India on Thursday formally split the state of Jammu and Kashmir into two federally administered territories in its effort to tighten control over the militancy-ridden region.
The move comes despite a prolonged shutdown in response to the Indian government’s move on August 5 removing special autonomy enjoyed by the region.
Under the new arrangement, the erstwhile state becomes two federally administered territories of Ladakh, and Jammu and Kashmir. The two territories would now be administered directly from Delhi through two lieutenant governors who took their oaths of office on Thursday.
The region, which is disputed between India and Pakistan, has seen a deadly secessionist militancy since the mid-1980s in which more than 45,000 people have died.
Thursday’s formal split is part of the ruling Hindu nationalist Bharatiya Janata Party’s controversial Aug. 5 move abrogating laws that gave the Muslim-majority region greater autonomy.
From Thursday, the region will no longer have its constitution and flag, and Kashmiris lose their exclusive right to own land in the new territories.
Thousands of troops were deployed in the restive valley and it was placed under a security and communications lockdown as the government moved to scrap the special status in August.
Most restrictions have been eased, but the internet is yet to be restored and thousands of local political leaders and activists remain in detention. Shops and businesses remain largely closed in what is seen as both a protest against the government’s move and fear of militant attacks.

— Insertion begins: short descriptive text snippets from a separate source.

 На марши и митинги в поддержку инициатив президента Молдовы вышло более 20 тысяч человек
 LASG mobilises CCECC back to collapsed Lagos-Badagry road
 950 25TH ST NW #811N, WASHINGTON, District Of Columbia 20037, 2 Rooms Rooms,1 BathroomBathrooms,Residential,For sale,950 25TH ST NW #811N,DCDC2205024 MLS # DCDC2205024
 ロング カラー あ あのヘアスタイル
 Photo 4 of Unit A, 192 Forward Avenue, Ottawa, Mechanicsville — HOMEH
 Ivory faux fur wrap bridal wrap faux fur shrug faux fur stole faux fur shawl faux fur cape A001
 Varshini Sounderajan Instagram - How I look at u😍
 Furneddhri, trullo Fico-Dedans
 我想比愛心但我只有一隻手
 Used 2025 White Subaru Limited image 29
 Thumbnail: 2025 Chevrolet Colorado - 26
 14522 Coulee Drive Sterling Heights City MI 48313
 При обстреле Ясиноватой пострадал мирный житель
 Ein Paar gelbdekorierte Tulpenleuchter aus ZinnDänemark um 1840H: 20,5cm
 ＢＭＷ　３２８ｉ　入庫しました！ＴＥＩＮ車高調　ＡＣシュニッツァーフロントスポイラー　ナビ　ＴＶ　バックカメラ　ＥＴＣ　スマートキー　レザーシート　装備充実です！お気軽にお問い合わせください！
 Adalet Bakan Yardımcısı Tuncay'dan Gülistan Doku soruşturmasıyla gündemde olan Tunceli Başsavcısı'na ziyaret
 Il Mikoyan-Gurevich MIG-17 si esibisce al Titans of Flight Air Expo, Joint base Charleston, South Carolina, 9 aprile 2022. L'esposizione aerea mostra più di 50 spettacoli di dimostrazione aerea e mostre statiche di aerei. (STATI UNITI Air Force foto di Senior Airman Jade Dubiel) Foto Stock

More than a dozen people including migrant labourers, orchard owners, and traders have been killed by militants in the past two months.
Jammu and Kashmir was a region administered by India as a state from 1954 to 2019, constituting the southern and southeastern portion of the larger Kashmir region, which has been the subject of a dispute between India, Pakistan, and China since the mid-20th century.
The underlying region of this state were parts of the former princely state of Jammu and Kashmir, whose western districts, now known as Azad Kashmir, and northern territories, now known as Gilgit-Baltistan, are administered by Pakistan.
The Aksai Chin region in the east, bordering Tibet, has been under Chinese control since 1962.
After the Government of India repealed the special status accorded to Jammu and Kashmir under Article 370 of the Indian constitution in 2019, the Parliament of India passed the Jammu and Kashmir Reorganisation Act.
The Act contained provisions that dissolved the state and reorganised it into two union territories – Jammu and Kashmir in the west and Ladakh in the east, with effect from Oct. 31, 2019.
At the time of its dissolution, Jammu and Kashmir was the only state in India with a Muslim-majority population.